EXERCISE GOAL:
In the data below, one line contains "Lan tỏa phong" and a later one contains "Elite Community Signature". Print both, with every line between them, exactly and alone.

STUDY MATERIAL:

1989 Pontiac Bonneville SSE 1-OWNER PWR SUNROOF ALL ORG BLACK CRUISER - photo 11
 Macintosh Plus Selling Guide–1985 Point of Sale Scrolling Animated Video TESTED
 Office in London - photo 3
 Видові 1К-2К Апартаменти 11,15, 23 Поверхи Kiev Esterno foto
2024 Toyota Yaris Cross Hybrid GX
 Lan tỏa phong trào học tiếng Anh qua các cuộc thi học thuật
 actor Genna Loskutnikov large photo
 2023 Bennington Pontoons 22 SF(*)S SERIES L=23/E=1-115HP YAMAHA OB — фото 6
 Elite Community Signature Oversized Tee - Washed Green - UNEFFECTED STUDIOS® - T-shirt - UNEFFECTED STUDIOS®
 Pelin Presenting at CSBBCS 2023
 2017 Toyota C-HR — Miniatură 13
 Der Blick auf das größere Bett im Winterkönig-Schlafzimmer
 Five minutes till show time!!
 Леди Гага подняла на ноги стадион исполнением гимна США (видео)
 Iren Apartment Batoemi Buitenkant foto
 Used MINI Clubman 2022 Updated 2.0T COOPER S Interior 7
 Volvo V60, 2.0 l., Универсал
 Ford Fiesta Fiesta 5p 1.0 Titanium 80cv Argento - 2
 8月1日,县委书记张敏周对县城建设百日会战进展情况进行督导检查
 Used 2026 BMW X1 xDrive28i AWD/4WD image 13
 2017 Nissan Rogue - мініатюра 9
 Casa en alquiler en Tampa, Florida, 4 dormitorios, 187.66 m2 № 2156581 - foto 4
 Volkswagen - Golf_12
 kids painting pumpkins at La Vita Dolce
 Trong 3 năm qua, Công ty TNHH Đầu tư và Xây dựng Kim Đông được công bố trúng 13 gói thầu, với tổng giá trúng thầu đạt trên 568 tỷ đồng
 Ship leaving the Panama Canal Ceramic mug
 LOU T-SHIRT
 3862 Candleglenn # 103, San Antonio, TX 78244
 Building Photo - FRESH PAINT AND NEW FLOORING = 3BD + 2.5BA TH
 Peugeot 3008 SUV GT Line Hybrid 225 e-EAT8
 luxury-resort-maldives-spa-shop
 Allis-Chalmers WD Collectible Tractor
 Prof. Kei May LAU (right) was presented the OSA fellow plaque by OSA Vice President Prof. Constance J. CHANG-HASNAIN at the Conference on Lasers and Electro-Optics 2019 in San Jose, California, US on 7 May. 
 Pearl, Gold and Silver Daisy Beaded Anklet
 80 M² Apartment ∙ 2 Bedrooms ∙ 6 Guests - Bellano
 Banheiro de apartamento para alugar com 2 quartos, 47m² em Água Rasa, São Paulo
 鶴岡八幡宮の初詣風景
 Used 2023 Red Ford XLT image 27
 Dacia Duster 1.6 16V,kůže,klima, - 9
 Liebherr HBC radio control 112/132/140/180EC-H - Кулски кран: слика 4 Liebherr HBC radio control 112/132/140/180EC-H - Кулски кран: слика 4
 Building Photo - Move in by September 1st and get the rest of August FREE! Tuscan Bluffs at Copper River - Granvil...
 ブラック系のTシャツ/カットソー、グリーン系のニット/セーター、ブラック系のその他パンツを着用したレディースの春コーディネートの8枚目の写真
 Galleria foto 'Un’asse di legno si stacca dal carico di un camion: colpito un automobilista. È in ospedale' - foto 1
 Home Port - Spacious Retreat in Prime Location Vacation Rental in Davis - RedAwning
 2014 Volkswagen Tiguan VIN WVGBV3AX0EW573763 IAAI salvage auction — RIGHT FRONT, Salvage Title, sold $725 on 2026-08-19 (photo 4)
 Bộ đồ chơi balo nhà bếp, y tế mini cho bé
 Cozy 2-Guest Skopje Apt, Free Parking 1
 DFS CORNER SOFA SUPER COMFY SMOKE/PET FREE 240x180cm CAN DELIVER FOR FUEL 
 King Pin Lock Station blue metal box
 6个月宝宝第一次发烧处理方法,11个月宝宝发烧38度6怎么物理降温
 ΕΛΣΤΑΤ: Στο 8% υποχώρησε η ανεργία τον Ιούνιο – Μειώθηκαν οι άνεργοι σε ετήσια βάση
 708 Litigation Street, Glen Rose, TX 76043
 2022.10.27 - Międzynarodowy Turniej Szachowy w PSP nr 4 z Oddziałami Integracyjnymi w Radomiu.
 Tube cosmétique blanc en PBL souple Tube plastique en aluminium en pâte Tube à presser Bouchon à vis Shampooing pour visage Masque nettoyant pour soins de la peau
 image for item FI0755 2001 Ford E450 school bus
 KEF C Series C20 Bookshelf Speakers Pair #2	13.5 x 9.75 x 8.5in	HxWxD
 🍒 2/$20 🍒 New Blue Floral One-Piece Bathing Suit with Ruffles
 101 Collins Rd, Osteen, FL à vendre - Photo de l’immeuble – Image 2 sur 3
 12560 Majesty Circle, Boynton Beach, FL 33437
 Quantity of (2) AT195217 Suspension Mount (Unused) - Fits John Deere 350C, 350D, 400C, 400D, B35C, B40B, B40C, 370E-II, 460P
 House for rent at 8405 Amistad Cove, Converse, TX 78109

RESPONSE:
 Lan tỏa phong trào học tiếng Anh qua các cuộc thi học thuật
 actor Genna Loskutnikov large photo
 2023 Bennington Pontoons 22 SF(*)S SERIES L=23/E=1-115HP YAMAHA OB — фото 6
 Elite Community Signature Oversized Tee - Washed Green - UNEFFECTED STUDIOS® - T-shirt - UNEFFECTED STUDIOS®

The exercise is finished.